Is there any surrogate for vix (other than vxx) in quantopian? The data on vxx seems wrong.

VXX is not at all a surrogate for VIX. VIX is an index derived from the implied volatilities of the options on the S&P 500 index. There are futures traded on the VIX index. VXX is an ETP which tracks an index which is calculated as a constant-maturity daily-rebalanced combination of VIX futures.

Just to add to what Simon said, the VIX spot value itself isn't tradable anywhere.

Yes. It isn't. So what is the best proxy for VIX. All these days I thought VXX is a decent proxy (adjusted for time to expiry). Apparently, it's not.

Hi Simon, thanks for sharing. This is awesome!

I've been playing around with Vola-ETPs lately as well. Have you had a look at ""? It seems those guys did some serious work back-testing various (non-academic) Vola strategies.

Yeah I follow his work, it would be good to get backtests/notebooks made of some of those strategies. I did one of Tony Cooper's VRP strategies a couple of years ago on here, I don't know if it still works...

Tony Cooper warned people that his strategies were data-mined, and said as much on my blog.

In spite of Johnson's decent explanation of the explanatory power of vix slope for all sorts of risk prema Equity Risk Premia and the VIX Term Structure
the results cannot easily be replicated for the slope of implied vol in other currencies, (e.g., VDAX and NKY vol). It suggests that this is somewhat anomalous and instead there are other uses of VIX which may prove more fruitful for estimating risk premia more robustly.

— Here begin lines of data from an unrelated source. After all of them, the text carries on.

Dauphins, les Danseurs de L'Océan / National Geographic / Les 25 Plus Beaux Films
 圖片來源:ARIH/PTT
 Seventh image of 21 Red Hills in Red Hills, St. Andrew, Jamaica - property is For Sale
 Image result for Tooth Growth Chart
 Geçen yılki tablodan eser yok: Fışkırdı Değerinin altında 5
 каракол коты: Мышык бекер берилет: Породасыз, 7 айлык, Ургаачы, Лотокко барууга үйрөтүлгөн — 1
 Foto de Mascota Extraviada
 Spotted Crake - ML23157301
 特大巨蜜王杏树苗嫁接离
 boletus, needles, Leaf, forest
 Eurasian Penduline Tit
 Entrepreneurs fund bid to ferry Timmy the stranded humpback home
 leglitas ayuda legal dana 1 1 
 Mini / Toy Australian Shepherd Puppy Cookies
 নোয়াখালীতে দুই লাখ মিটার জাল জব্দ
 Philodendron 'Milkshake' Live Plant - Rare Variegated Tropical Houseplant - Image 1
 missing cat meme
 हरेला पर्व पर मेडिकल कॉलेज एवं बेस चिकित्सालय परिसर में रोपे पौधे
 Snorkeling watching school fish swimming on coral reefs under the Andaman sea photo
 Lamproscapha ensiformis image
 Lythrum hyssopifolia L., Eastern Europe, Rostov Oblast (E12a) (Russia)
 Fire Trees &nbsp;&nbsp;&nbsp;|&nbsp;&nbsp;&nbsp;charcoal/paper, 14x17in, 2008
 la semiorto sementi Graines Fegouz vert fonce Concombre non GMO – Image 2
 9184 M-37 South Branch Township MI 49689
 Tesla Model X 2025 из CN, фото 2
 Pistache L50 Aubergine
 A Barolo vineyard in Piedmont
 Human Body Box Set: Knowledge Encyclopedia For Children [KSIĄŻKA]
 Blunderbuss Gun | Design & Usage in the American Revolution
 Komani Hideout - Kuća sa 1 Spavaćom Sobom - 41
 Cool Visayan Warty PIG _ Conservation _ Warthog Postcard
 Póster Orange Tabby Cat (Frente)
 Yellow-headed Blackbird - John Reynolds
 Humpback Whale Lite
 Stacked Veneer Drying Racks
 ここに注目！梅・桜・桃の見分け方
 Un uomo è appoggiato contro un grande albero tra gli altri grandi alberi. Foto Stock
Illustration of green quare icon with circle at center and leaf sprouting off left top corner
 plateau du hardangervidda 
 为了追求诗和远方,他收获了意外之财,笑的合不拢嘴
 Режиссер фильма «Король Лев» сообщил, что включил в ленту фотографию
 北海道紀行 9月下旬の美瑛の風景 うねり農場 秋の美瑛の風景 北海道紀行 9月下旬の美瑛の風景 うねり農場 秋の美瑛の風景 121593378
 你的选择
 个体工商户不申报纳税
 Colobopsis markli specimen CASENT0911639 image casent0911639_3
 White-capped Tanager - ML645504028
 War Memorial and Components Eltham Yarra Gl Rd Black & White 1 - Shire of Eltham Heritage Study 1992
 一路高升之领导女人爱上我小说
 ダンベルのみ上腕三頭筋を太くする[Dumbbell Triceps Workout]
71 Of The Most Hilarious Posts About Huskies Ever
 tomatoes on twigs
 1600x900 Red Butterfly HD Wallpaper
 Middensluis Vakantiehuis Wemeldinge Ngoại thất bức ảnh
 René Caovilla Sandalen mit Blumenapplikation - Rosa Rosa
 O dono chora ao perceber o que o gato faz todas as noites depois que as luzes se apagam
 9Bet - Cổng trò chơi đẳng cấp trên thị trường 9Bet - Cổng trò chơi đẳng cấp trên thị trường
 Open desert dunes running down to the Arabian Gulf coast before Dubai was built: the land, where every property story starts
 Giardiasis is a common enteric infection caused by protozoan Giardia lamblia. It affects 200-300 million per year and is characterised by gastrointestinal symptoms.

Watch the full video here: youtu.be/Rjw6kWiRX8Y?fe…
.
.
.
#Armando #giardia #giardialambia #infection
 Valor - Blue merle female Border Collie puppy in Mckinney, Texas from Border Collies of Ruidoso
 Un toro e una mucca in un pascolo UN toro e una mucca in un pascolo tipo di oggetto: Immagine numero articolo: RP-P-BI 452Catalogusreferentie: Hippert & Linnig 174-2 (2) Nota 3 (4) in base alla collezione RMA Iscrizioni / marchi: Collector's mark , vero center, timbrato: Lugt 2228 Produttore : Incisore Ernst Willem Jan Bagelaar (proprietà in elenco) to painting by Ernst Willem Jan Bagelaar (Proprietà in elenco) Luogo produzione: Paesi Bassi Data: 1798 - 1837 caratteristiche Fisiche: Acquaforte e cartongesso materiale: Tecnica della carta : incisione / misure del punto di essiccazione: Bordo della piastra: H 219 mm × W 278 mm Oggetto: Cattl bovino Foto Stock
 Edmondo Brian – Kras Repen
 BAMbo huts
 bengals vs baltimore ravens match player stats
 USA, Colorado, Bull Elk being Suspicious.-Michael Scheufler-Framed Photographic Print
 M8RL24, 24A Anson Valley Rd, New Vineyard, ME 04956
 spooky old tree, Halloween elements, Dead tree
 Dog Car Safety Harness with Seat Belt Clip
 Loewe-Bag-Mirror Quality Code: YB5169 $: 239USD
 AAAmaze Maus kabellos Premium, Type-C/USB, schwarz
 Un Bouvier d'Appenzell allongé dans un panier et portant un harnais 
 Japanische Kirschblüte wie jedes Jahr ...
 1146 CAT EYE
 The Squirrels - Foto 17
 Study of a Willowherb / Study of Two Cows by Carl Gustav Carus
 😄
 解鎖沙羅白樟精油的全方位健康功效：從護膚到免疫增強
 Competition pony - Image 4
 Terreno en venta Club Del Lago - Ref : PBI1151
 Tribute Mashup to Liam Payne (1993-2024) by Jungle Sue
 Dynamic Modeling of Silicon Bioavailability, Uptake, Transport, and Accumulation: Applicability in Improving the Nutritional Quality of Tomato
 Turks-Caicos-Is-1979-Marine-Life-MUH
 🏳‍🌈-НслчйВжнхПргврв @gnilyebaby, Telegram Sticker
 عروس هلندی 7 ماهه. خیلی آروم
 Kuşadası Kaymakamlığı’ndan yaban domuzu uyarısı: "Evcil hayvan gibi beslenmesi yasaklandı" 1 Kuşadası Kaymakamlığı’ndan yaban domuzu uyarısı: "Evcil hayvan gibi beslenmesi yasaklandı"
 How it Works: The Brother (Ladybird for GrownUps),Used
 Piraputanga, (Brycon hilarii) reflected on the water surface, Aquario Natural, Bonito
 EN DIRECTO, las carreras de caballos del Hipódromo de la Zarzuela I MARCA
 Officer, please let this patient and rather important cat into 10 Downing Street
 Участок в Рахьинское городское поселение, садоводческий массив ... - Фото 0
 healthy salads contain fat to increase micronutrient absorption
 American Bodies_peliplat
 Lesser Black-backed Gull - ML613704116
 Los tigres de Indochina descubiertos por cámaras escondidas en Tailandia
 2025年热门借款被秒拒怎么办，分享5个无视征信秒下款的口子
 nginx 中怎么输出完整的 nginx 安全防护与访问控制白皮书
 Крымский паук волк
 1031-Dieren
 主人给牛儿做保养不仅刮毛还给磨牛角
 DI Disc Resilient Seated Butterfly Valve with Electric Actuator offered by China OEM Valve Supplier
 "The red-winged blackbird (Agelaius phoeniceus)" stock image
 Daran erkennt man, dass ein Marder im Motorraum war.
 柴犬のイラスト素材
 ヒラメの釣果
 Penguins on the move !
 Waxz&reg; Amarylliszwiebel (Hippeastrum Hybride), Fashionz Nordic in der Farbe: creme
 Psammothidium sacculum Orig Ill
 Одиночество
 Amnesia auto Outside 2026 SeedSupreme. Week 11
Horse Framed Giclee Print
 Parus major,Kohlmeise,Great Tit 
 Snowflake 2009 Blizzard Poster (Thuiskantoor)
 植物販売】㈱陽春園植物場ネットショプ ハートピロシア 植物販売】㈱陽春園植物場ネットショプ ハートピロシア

Which is all well and good but what conclusions are you drawing as to the use of VIX instruments? Do the futures represent any sort of insurance for long equity holders of the S&P 500 stocks? Will the risk premium collected collapse? Hence will contango be reduced? What conclusions are you drawing here?

All I said is that the VIX slope may not be as predictive of risk premia as the author suggests. I never said anything about the risk premia collapsing, futures representing insurance for long equity holders etc. Contango be reduced....

The paper states if the vol is inverted, you aren't being well compensated for the risk, basically. Vix slope is meant to be an indicator. That's the primary focus and it uses VIX slope as an indicator for a wide range of risk premia (not just the vol risk premium).

My claim is the VDAX slope does not have similar predictive power over vol risk premia in Europe.

VIX inversions tend to coincide with a number of other things, like vol spiking upwards, vol at high levels, changes to risk reversals, etc. Each of these is a viable signal instead of the VIX slope alone as to whether one is being adequately compensated for Vol risk.

I never made conclusions about the use of VIX instruments. I never said anything about futures representing insurance or risk premia collapsing.

Inverted vix slopes do not occur frequently and tend to indicate the market is stressed. They are typically short lived.

I simply wanted clarification and thanks for giving it. Agreed on short-lived-ness of inversion. I have not looked at VDAX or Jap volatility but intended to do so - I assume whatever futures and options exists for German and Jap vol may not be as well traded as in the US which may account for the difference?

My questions surrounding the use of the VIX as regards the US markets were really more rhetorical than anything. I am amazed by the severity and over-reaction of the huge VIX spikes and keep meaning to look at the actual vol during those periods rather than the implied.

Just interested in the VIX in general. As for Contango lasting, god knows. Some contango must survive since otherwise why bother selling options, why take the risk of offering "insurance" to fund managers. But whether contango has been too generous since 2004 I really don't know.

All I'm saying is its a great trade and I hope it lasts!